The present invention is further described in detail below in conjunction with specific embodiments, and the examples provided are only for illustrating the present invention, rather than for limiting the scope of the present invention. The examples provided below can be used as a guide for further improvements by those of ordinary skill in the art, and do not constitute a limitation of the present invention in any way.

The experimental methods in the following examples, unless otherwise specified, are all conventional methods, and are performed according to the techniques or conditions described in the literature in the field or according to the product instructions.
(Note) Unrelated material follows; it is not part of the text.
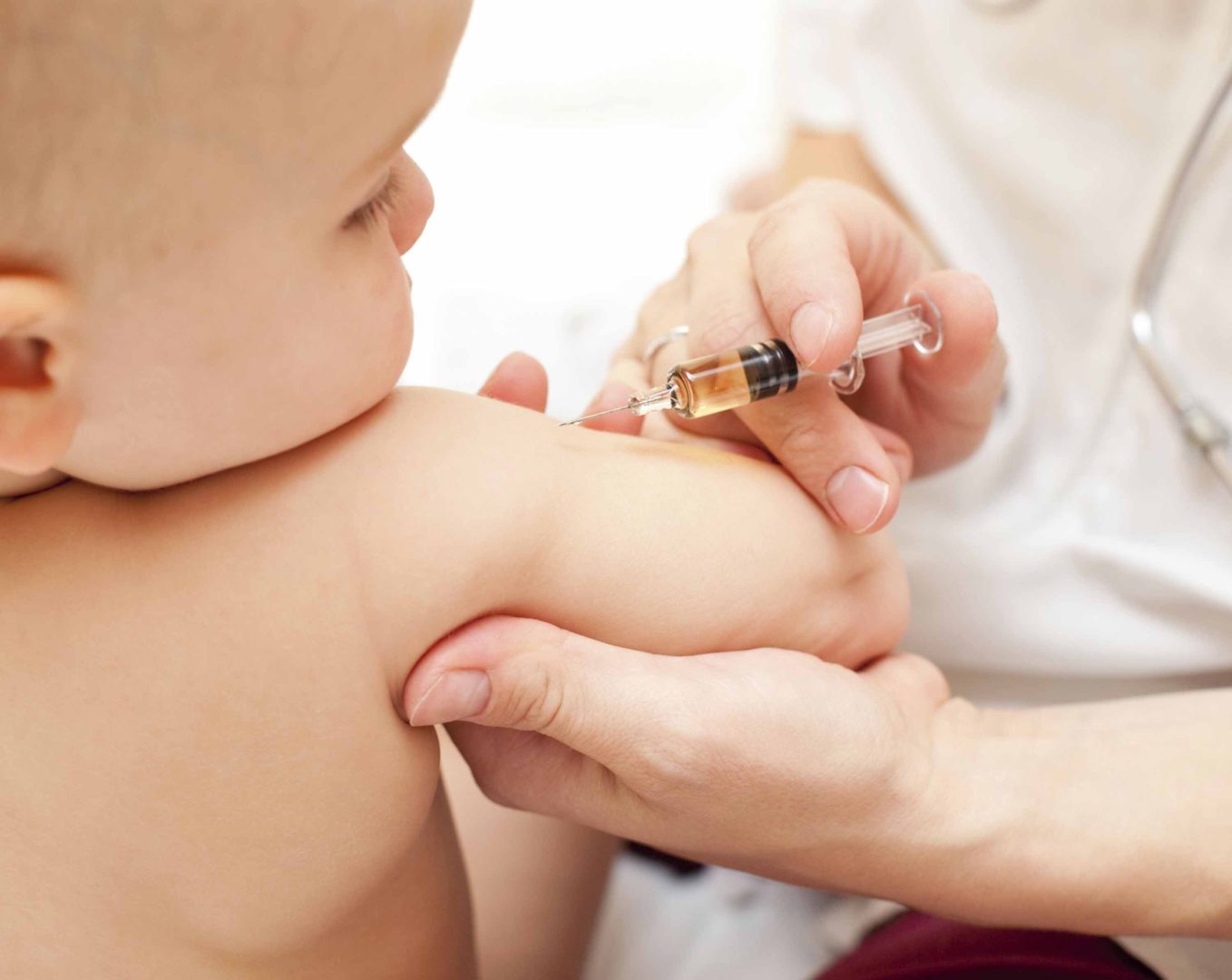 Bambini non vaccinati a scuola: armi inconsapevoli e innocenti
The materials, reagents, etc. used in the following examples, unless otherwise specified, can all be obtained from commercial channels.

Example 1: Preparation of a moisture-resistant catalyst for removing formaldehyde at room temperature

The moisture-resistant catalyst for removing formaldehyde at room temperature was prepared as follows:

(1) preparing an ammonium bicarbonate solution with a concentration of 36 mmol/L; mixing a manganese nitrate solution with a concentration of 50 mmol/L and a zinc nitrate solution with a concentration of 50 mmol/L in a volume ratio of 1:1 to obtain a metal mixed solution manganese zinc solution;

(2) quickly adding the prepared precipitant solution ammonium bicarbonate solution to the metal mixed solution manganese zinc solution (the volume ratio of the precipitant solution to the metal mixed solution manganese zinc solution is 1:1), stirring at room temperature (25°C) for 12 hours, and washing the resulting precipitate with ultrapure water and anhydrous ethanol;

(3) The washed precipitate was dried at 60°C for 6 hours and then calcined in air at 350°C for 4 hours. The resulting catalyst was recorded as ZnMnO ₃ .
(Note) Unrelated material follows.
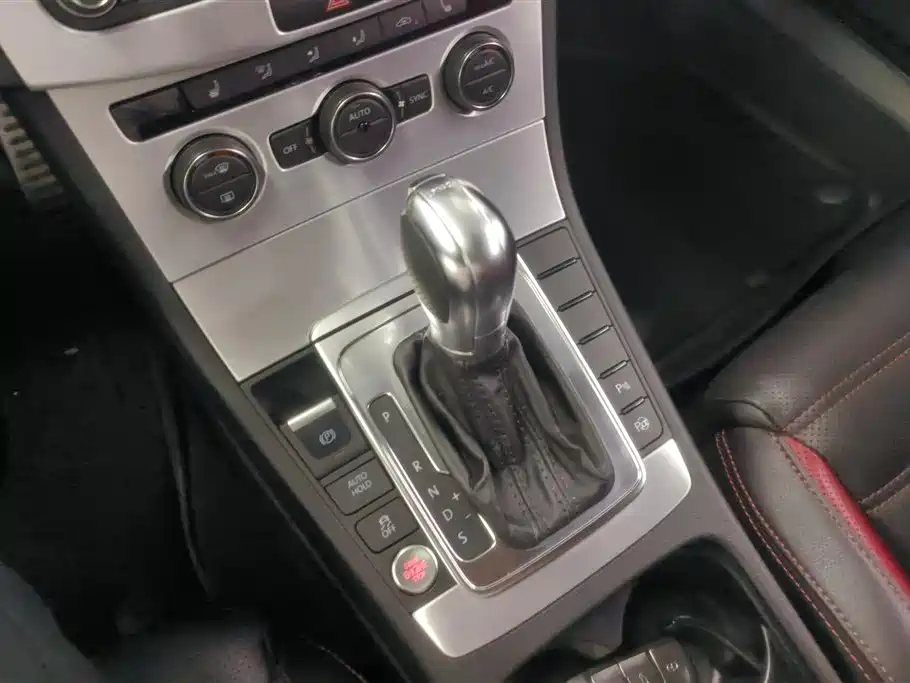 FAW-Volkswagen CC 2016 300TSI 25th Anniversary Edition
The XRD result of ZnMnO ₃ is shown in Figure 1, which is a perovskite structure material.

0.2 g of catalyst ZnMnO ₃ was fixed in a quartz fixed bed reactor, and the fixed bed reactor was maintained at a temperature of 25°C. The reaction gas composition was 80 ppm formaldehyde, the oxygen concentration was 20%, nitrogen was the balance gas, and the gas flow rate was 50 mL/min. The relative humidity of the reaction gas was 20%, 40%, 65%, and 90%, respectively. The activity evaluation results are shown in Table 1.
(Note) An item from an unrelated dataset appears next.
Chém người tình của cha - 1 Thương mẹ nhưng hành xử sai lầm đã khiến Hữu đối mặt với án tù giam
Table 1. Catalytic activity of Example 1

Example 2: Preparation of a moisture-resistant catalyst for removing formaldehyde at room temperature

The moisture-resistant catalyst for removing formaldehyde at room temperature was prepared as follows:

(1) preparing an ammonium bicarbonate solution with a concentration of 36 mmol/L; mixing a manganese nitrate solution with a concentration of 50 mmol/L and a ferric nitrate solution with a concentration of 50 mmol/L in a volume ratio of 1:1 to obtain a metal mixed solution, a manganese iron solution;

(2) quickly adding the prepared precipitant solution ammonium bicarbonate solution to the metal mixed solution manganese iron solution (the volume ratio of the precipitant solution to the metal mixed solution is 1:1), stirring at room temperature (25°C) for 12 hours, and washing the resulting precipitate with ultrapure water and anhydrous ethanol;

(3) The washed electrocatalyst was dried at 60°C for 6 hours and then calcined in air at 350°C for 4 hours. The obtained catalyst was recorded as FeMnO ₃ .

0.2 g of catalyst FeMnO ₃ was fixed in a quartz fixed bed reactor, and the fixed bed reactor was maintained at a temperature of 25°C. The reaction gas composition was 160 ppm formaldehyde, the oxygen concentration was 20%, nitrogen was the balance gas, and the gas flow rate was 50 mL/min. The relative humidity of the reaction gas was 20%, 40%, 65%, and 90%, respectively. The activity evaluation results are shown in Table 2.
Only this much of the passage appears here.